SG&A expenses as a percentage of sales were 34.2% for fiscal 2021, as compared to 40.5% in fiscal 2020 and 38.1% in fiscal 2019.

On a dollar basis, compared to fiscal 2020, SG&A expenses increased by $43.9 million primarily driven by an increase in variable costs as a result of our sales growth, including increases in store payroll and payroll-related costs, performance incentives and advertising. However, our costs as a percentage of sales significantly improved as a result of the cost-savings initiatives implemented in fiscal 2020.

On a dollar basis, compared to fiscal 2019, SG&A expenses for fiscal 2021 decreased $7.7 million. The decrease in SG&A expenses for the year was primarily due to the cost-savings initiatives implemented in fiscal 2020 and reductions in payroll and payroll-related costs. These costs were partially offset by an increase in incentive performance-based accruals and the reinstatement of our 401(k) profit sharing contribution.

Management views SG&A expenses through two primary cost centers: Customer Facing Costs and Corporate Support Costs. Customer Facing Costs, which include store payroll, marketing and other store operating costs, represented 19.1% of sales for fiscal 2021, compared to 20.2% of sales for fiscal 2020 and 22.6% of sales for fiscal 2019. Corporate Support Costs, which include the

 

26


 

distribution center and corporate overhead costs, represented 15.1% of sales, compared to 20.3% of sales for fiscal 2020 and 15.5% of sales for fiscal 2019.

IMPAIRMENT OF ASSETS

Asset impairment charges primarily represent the write-down of operating lease right-of-use assets, where the carrying value exceeds fair value, and the write-down of store property and equipment. In addition, any subsequent gains recognized in connection with a store closure related to a previously recorded operating lease right-of-use asset impairment will be included as an offset to impairment charges, with the remainder of the gain included as a reduction in store occupancy costs.

For fiscal 2021, the Company recorded a non-cash gain of $2.7 million on the reduction of its operating lease liability in connection with its decision to close certain retail stores, which resulted in a revaluation of the lease liability. Of the total non-cash gain, $2.3 million related to leases where the right-of-use assets had previously been impaired, and therefore, the gain was recorded as a reduction of the previously-recorded impairment. The remaining gain $0.4 million was recorded as a reduction to occupancy costs.

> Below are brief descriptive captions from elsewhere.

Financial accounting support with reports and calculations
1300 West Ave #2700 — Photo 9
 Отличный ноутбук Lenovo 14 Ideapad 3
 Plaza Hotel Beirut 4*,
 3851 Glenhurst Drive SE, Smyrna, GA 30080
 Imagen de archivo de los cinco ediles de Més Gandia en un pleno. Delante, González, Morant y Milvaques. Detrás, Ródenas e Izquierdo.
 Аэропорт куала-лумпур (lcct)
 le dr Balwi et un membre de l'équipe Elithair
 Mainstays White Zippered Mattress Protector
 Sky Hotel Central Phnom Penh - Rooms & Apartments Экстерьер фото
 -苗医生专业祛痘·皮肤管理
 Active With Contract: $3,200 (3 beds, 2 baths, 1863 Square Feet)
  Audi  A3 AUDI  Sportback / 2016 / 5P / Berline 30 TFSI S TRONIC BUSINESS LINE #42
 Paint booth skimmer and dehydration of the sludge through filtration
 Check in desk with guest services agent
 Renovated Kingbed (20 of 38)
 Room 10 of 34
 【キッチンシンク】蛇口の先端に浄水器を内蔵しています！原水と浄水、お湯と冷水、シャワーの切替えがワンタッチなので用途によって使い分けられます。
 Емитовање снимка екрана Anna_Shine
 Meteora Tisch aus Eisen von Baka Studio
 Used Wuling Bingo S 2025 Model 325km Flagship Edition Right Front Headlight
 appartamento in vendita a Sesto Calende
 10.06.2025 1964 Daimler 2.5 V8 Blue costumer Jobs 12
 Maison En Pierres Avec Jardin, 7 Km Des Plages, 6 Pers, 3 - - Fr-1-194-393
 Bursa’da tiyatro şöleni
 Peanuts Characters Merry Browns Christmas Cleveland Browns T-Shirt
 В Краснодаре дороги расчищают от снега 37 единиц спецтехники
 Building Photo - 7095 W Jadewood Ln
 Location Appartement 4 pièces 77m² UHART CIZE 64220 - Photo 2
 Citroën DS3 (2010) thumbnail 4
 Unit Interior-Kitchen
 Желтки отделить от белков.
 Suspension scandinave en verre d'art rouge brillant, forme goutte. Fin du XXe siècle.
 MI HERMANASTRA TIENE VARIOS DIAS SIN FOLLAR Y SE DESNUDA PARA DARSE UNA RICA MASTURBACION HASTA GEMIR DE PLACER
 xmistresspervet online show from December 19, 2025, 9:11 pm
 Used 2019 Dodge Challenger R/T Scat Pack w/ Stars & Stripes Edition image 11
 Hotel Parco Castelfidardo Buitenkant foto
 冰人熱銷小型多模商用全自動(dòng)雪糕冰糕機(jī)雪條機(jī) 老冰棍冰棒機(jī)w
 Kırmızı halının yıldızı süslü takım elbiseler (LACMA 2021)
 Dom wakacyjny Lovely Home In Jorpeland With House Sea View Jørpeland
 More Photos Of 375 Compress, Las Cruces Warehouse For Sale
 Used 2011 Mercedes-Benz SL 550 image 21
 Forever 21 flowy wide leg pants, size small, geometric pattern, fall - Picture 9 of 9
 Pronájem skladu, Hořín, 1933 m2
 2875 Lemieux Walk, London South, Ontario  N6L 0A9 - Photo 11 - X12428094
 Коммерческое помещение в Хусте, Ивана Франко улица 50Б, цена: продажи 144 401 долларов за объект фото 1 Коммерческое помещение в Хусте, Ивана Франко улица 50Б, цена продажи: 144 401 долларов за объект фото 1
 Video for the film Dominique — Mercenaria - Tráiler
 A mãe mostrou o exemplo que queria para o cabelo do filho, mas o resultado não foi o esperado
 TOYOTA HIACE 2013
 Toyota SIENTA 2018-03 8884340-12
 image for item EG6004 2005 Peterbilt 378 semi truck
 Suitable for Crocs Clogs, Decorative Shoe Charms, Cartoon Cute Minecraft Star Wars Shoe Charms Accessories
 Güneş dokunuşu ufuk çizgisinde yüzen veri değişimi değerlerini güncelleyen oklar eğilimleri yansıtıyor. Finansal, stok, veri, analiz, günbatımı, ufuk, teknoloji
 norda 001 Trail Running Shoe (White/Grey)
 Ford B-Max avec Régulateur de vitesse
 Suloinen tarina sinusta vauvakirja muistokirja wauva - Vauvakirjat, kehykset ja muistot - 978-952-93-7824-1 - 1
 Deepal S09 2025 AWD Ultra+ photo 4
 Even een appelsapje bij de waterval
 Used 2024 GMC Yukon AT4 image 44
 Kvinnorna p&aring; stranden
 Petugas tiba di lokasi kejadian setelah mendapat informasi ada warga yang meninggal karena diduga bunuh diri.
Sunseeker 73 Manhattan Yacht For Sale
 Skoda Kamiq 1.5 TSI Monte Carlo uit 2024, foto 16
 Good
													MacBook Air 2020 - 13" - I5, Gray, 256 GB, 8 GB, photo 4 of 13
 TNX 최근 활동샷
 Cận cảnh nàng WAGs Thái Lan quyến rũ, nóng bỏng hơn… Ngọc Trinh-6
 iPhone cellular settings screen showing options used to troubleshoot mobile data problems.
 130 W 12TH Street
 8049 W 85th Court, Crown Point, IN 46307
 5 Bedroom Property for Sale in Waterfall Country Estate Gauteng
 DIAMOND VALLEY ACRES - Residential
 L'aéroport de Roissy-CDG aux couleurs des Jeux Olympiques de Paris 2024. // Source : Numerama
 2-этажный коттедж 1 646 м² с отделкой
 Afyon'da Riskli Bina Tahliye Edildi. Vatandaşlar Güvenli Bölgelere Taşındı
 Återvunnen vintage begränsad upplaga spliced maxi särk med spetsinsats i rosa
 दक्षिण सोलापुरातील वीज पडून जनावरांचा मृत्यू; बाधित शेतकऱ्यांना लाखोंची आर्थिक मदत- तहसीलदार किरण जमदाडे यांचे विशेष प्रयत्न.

For fiscal 2020, the asset impairment charge was $14.8 million, which included $13.3 for the write-down of operating lease right-of-use assets and $4.1 million for the write-down of store assets, partially offset by a non-cash gain of $2.6 million. The asset impairment charge for fiscal 2019 was $0.9 million, which included $0.7 million for the write-down of right-of-use assets and $0.2 million for the write-down of store assets.

DEPRECIATION AND AMORTIZATION

Depreciation and amortization expense was $17.2 million, as compared to $21.5 million in fiscal 2020 and $24.6 million for fiscal 2019. Our depreciation expense has been decreasing over the past few years, due to our reduced capital expenditures.

INTEREST EXPENSE, NET

Net interest expense for fiscal 2021 was $4.4 million, as compared to $3.9 million for fiscal 2020 and $3.3 million for fiscal 2019. The interest expense for fiscal 2021 includes a prepayment penalty of $1.1 million in connection with the Company's early prepayment of its $17.5 million FILO loan as well as $0.9 million for the write-off unamortized debt issuance costs associated with both the FILO loan and our prior credit facility. These costs were partially offset by a decrease in interest expense due to reduced borrowing levels in fiscal 2021 as compared to fiscal 2020 and fiscal 2019.

INCOME TAXES

Realization of our deferred tax assets, which relate principally to federal net operating loss carryforwards, of which approximately $100.7 million will expire from fiscal 2028 through fiscal 2037, is dependent on generating sufficient taxable income. In addition, there are $43.1 million of federal net operating loss carryforwards that do not expire.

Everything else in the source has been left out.